Almost daily I’m asked where is safe to travel to, which has more traditionally been with regards politically fragile, emerging and high-risk countries, but now extends to even typically tourist and leisure destinations. 

The general question of ‘Where is absolutely safe?’  is a difficult question to answer. There are a few countries that do not have a 'history' of terrorism (a pretty accurate recent list can be found at ( but most conventionally 'civilised' locations are now deemed vulnerable especially due to the spontaneity of the current trend of attacks and varying ‘delivery’ methods (trains, shopping centre, trucks, nightclubs and now even churches) these extremists are using. But do remember; these incidents are still relatively few when compared to ‘general’ crime. For example, we have approximately forty-five knife related crimes everyday in the UK, alone, which brings some recent incidents perhaps into some degree of perspective (In another post I will discuss how the 'association' behind even low-level attacks needs to be viewed and perhaps considered from alternate perspectives).

Therefore, I’ve endeavoured within this article to counter this anxiety by providing some means of 're-empowering' you with what you and your family can do to keep safe, avoid or if unlucky enough to get caught up in a situation, the best steps you can potentially take.  

I’ve presented this advice within three sections; The Basics, Planning and Reaction.

Basics covers the foundation advice to maintaining basic and general personal safety

Planning will address some of the things to consider when selecting your destination and preparations you should think about before you travel.

Reaction is what to do if you find yourself in an incident. As each situation could be different and potentially in a diversity of situations, this should be considered as ‘general’ advice to apply regardless of whether you are on a beach, a train, a shopping centre or in the middle of a street should it happen. 

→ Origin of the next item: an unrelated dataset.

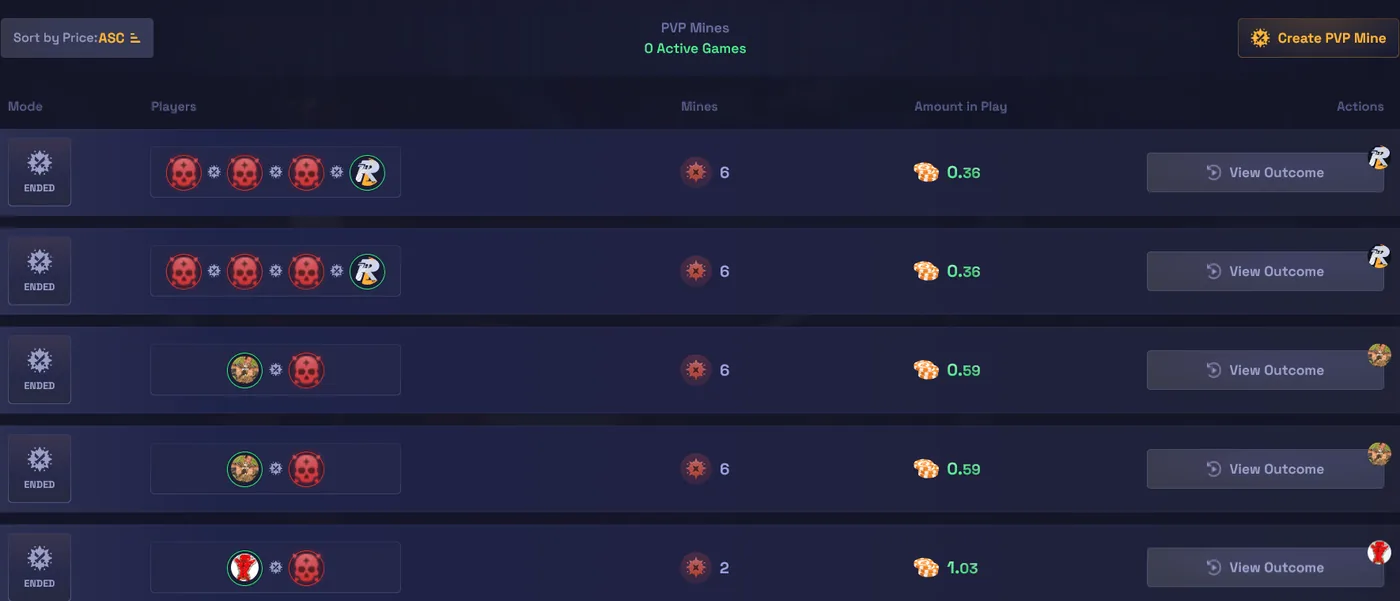 RustyLoot PvP Mines mode pitting players against each other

The following two tips are things you should and probably need to start applying every day. These will keep you generally safe and significantly improve your chances of even avoiding criminal, let alone terrorist, threats.

TIP # 1         Trust Your Instinct

This, if nothing else, is probably the best overall piece of advice I can give you with regard your general personal safety. 

This should apply not only on your travels but every-day. Sixth sense, gut-reaction, call it what you like, instincts are our inherent and fundamental self-protective tool and means of often detecting a threat, especially when it isn’t necessarily obvious. 

In many situations leading up to any kind of attack, especially personal ones like a robbery or assault, you may have little else to alert you that you could be at risk. It might be also be all you have and can rely on.

Therefore, if you see someone or a group of people acting ‘suspiciously’ – don’t ignore it, DO SOMETHING. If your ‘gut’ is telling you something’s or someone is wrong, then it probably is. Take action and move as far away as you can from the place or people that are making you feel uncomfortable.

I could probably safely say that if you asked any security professional, anywhere in the world, how much they listen to their instinct I guarantee they will tell you it often takes precedence above all their other training. Paying attention to my instinct has certainly paid-off on more than a few occasions.

TIP # 2        Situational Awareness

We all lead busy lives and these have been made even busier by the technology we have introduced into it. Constant news-feeds, social media postings, emails, texting. We’re bombarded continually and feel obliged or its' necessary to engage immediately through our phones and devices. Walking down any street in any city in the world has become a challenge to avoid colliding with some other person, head down, absorbed by their phone and their various social media, messages, emails and news feeds. And that's not even including those playing Pokemon GO!

As a result, being so pre-occupied by our ‘technical’ worlds, can often make us oblivious to what is actually going on around us.  How can you anticipate or identify a threat if we don’t even see it till perhaps the very last minute? Our distraction can often be the enemy’s advantage. 

To be safe and see the problem before it becomes a problem – Look Up. Take in what and who is around you. Has someone got on your train carriage or bus that makes you feel ‘uncomfortable’? Is there someone or a group or people walking towards you down the street that could be a threat? See an unattended bag? The earlier we see it, the better chance we have to avoid it? 

Perhaps consider answering or posting those ‘important’ messages or reading the latest social media post when you are static; sat on a train, in your office or at home, rather than when you’re on the move. If it’s really that essential and critical, maybe walk into a shop, café or similar, momentarily, and deal with it there? 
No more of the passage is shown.